There is no empirical evidence of a linear correlation between total grade and final grade in this study.

The Alternative Hypothesis (HA)

The alternative hypothesis for the study proposes that there is a strong potential for a linear association between students’ overall grade point average (GPA) and their final grade in the course, as stated in the alternative hypothesis. The current inquiry, along with the null and alternative hypotheses, is framed to examine the correlation between GPA and performance on Quiz 1. RSCH FPX7864 Assessment 2 Correlation Application and Interpretation

Research Question

The research question guiding the study concerns whether there is a statistically significant relationship between students’ GPA and their scores on Quiz 1.

The Null Hypothesis (Ho)

the null hypothesis states that there is no discernible linear correlation between a student’s GPA and their performance on Quiz 1. It implies no straightforward relationship between these two variables. However, the alternative hypothesis contends that there is compelling evidence of a linear correlation between students’ GPA and their grades on Quiz 1.

The Alternative Hypothesis (HA)

Empirical data substantiates the existence of a linear correlation between the academic performance metric denoted as students’ GPA and the scores obtained in the initial quiz “Quiz 1.”

Testing Assumption

Descriptive Statistics

The analysis examined the skewness and kurtosis values for GPA and final exam scores to characterize their distributions and evaluate the normality assumption. Skewness measures asymmetry in distribution, with negative values indicating leftward skew and positive values reflecting rightward skew. Kurtosis assesses peakedness relative to a normal distribution, with negative values suggesting a flatter distribution and positive values indicating more pronounced peaks.

RSCH FPX7864 Assessment 2 Correlation Application and Interpretation

The GPA showed a skewness of -0.220 and a kurtosis of -0.688, indicating mild negativity. Final exam scores exhibited a skewness of -0.341 and kurtosis of -0.277, also reflecting mild negativity (Siegel & Wagner, 2022). These values fall within acceptable ranges for skewness and kurtosis, supporting the normality assumption. The measurements do not contradict the assumption of normality (Siegel & Wagner, 2022). More comprehensive normality diagnostic tests, like normal probability plots or the Shapiro-Wilk test, are needed to validate normality fully. The descriptive statistics indicate the data follows a normal distribution, as skewness values between -0.5 and 0.5 align with expectations for a normal distribution when skewness is between -1 and 1, which confirms conformity to a normal distribution and suggests valid parameter comparisons given appropriate use. Additionally, accurate representation of both tails of the bell curve further supports normality (Shu & Ye, 2023).

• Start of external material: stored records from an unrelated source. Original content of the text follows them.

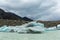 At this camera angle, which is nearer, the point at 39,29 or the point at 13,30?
the point at 39,29

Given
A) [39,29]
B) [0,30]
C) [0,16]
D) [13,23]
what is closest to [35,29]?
[39,29]

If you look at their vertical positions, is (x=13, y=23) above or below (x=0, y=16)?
below

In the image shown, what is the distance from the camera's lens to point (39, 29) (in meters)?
35.4

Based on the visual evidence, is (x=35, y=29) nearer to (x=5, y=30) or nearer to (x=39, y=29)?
(x=39, y=29)

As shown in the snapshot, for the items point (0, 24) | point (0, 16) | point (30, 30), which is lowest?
point (30, 30)

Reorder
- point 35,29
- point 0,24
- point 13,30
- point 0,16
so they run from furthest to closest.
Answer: point 0,16, point 0,24, point 13,30, point 35,29

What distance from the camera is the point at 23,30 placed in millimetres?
35938

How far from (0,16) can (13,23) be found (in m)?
41.0

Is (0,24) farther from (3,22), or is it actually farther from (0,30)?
(0,30)

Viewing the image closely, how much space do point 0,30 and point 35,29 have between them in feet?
39.5

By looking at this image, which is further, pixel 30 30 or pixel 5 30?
pixel 5 30

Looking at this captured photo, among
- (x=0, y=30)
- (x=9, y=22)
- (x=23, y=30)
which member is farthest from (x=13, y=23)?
(x=23, y=30)

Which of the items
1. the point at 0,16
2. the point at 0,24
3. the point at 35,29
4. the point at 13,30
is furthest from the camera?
the point at 0,16

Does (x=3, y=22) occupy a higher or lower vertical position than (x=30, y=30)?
higher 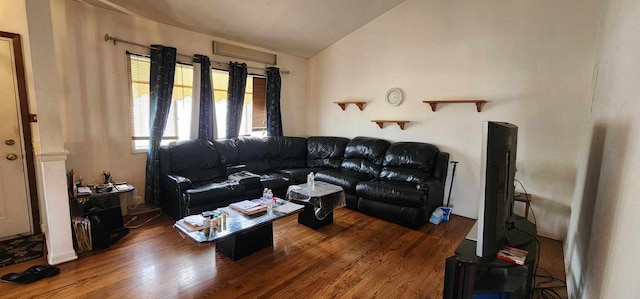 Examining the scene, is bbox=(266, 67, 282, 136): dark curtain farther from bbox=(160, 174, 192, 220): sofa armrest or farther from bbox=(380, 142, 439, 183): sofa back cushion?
bbox=(380, 142, 439, 183): sofa back cushion

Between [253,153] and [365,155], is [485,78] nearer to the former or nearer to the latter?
[365,155]

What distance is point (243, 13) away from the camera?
12.1ft

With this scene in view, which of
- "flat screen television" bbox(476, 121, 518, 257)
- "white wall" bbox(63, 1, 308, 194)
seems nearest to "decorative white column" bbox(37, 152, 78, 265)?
"white wall" bbox(63, 1, 308, 194)

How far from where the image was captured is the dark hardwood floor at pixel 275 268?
2162mm

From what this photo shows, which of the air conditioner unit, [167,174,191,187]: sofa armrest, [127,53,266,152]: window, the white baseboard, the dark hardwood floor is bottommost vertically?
the dark hardwood floor

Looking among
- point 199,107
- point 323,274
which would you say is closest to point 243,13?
point 199,107

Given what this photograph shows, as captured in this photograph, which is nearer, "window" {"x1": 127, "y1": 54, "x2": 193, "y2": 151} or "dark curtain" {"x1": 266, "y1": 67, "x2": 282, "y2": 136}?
"window" {"x1": 127, "y1": 54, "x2": 193, "y2": 151}

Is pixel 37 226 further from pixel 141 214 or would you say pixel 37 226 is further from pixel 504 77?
pixel 504 77

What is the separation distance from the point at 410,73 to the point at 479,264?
10.6ft

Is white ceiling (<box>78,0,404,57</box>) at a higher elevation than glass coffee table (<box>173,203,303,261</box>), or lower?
higher

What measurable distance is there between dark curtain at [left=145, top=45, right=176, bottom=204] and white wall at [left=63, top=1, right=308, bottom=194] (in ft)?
0.60

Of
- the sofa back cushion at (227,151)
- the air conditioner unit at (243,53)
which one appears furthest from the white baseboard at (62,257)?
the air conditioner unit at (243,53)

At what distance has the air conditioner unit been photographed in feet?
14.0

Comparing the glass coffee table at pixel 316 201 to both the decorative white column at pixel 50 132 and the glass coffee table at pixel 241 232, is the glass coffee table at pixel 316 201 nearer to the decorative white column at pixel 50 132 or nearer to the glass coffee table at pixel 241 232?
the glass coffee table at pixel 241 232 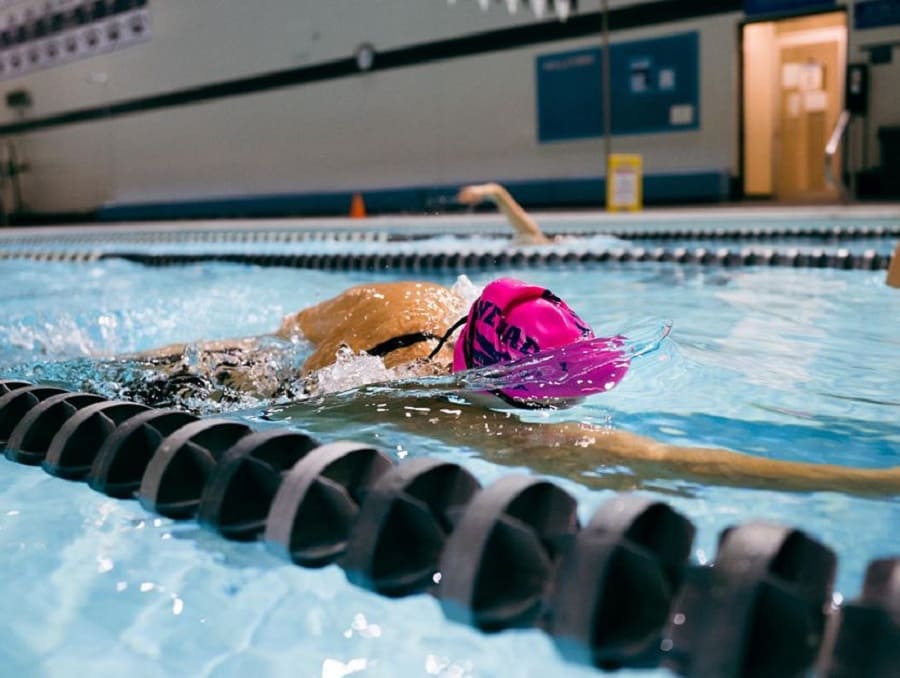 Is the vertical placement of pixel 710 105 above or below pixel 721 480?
above

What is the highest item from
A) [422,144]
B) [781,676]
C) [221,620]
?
[422,144]

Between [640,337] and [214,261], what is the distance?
5.18 m

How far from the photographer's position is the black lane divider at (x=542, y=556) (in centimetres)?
92

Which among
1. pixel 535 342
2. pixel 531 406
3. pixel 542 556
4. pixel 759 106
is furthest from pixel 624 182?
pixel 542 556

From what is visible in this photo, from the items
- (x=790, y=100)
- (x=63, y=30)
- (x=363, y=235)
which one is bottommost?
(x=363, y=235)

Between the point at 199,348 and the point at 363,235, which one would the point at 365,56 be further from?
the point at 199,348

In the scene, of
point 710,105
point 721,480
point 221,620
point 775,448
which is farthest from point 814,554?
point 710,105

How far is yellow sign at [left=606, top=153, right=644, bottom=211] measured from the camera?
31.3 ft

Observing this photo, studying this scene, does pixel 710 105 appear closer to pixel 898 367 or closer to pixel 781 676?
pixel 898 367

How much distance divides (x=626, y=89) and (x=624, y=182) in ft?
8.59

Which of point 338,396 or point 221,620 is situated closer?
point 221,620

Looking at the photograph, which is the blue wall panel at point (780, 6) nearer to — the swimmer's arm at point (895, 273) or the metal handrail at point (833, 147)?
the metal handrail at point (833, 147)

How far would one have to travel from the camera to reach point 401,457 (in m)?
1.90

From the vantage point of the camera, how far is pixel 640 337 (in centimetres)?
278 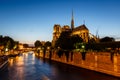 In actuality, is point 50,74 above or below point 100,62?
below

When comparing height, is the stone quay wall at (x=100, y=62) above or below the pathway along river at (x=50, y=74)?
above

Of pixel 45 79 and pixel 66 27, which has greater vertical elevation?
pixel 66 27

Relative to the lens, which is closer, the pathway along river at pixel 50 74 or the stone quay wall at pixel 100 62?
the pathway along river at pixel 50 74

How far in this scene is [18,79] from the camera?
87.3ft

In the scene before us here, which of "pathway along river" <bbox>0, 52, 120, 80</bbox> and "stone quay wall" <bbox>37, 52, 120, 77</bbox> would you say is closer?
"pathway along river" <bbox>0, 52, 120, 80</bbox>

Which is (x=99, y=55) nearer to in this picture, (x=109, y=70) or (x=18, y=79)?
(x=109, y=70)

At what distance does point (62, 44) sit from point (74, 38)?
16.9 ft

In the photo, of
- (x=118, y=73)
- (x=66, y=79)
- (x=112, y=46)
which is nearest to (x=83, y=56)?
(x=112, y=46)

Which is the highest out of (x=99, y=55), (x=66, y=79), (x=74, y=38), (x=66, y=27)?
(x=66, y=27)

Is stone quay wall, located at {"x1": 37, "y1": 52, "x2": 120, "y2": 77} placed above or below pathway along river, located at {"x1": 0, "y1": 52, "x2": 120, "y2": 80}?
above

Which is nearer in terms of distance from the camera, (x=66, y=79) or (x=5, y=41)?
(x=66, y=79)

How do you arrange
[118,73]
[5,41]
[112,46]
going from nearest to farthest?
[118,73] < [112,46] < [5,41]

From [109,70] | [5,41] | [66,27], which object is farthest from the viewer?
[66,27]

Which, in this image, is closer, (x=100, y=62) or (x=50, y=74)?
(x=50, y=74) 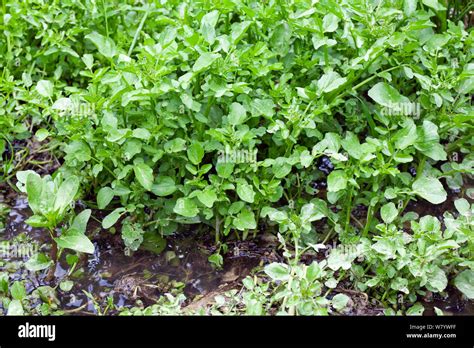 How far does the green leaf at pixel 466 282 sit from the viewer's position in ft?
9.87

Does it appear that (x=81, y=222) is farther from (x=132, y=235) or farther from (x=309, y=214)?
(x=309, y=214)

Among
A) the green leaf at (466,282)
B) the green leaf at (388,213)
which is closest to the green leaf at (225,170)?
the green leaf at (388,213)

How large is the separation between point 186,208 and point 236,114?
1.67ft

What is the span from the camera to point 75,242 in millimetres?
2943

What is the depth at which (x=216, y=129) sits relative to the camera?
10.2ft

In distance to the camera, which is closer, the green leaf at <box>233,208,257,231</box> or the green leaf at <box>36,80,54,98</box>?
the green leaf at <box>233,208,257,231</box>

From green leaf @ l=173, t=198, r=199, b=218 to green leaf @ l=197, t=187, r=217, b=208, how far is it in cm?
8

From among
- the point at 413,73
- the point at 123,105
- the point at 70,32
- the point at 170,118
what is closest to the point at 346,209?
the point at 413,73

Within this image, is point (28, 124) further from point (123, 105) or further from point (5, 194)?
point (123, 105)

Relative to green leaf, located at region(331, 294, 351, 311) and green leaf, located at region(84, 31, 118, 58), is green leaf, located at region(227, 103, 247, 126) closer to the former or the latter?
green leaf, located at region(84, 31, 118, 58)

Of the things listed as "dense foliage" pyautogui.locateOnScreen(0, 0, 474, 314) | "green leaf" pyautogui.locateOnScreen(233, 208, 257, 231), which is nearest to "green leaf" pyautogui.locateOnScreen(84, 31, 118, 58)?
"dense foliage" pyautogui.locateOnScreen(0, 0, 474, 314)

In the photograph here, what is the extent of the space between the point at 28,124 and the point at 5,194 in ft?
1.68

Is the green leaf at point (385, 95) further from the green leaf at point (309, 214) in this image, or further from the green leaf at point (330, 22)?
the green leaf at point (309, 214)

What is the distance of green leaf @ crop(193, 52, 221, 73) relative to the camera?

Results and Interpretation

 Correlation Between the Variables

A correlation matrix analysis was conducted to evaluate the interrelationships among four principal variables: GPA, Quiz 1 score, total course grades, and final grades (RSCH FPX7864 Assessment 2 Correlation Application and Interpretation). The statistical techniques implemented provide substantial evidentiary support for the proposition that a positive association exists between higher final grades and superior academic achievement, as corroborated by the findings from the correlation matrix. Moreover, the evidence substantiates the rejection of the null hypothesis. Notably, the predetermined threshold for statistical significance, denoted Alpha (α), was established at 0.05.

The Pearson correlation coefficient (r) obtained in the study was a robust 0.88, while the corresponding p-value was a remarkably low 0.001. The result indicates a strong, positive linear relationship between final grades and total grades, suggesting that as total grades increase, final grades exhibit a proportional increase. The magnitude of the association is further emphasized by the correlation coefficient of 0.88. Therefore, these results definitively demonstrate a substantial linear association between final grades and total grades, leading to the rejection of the null hypothesis in favor of the alternative hypothesis (Aubinet, 2023).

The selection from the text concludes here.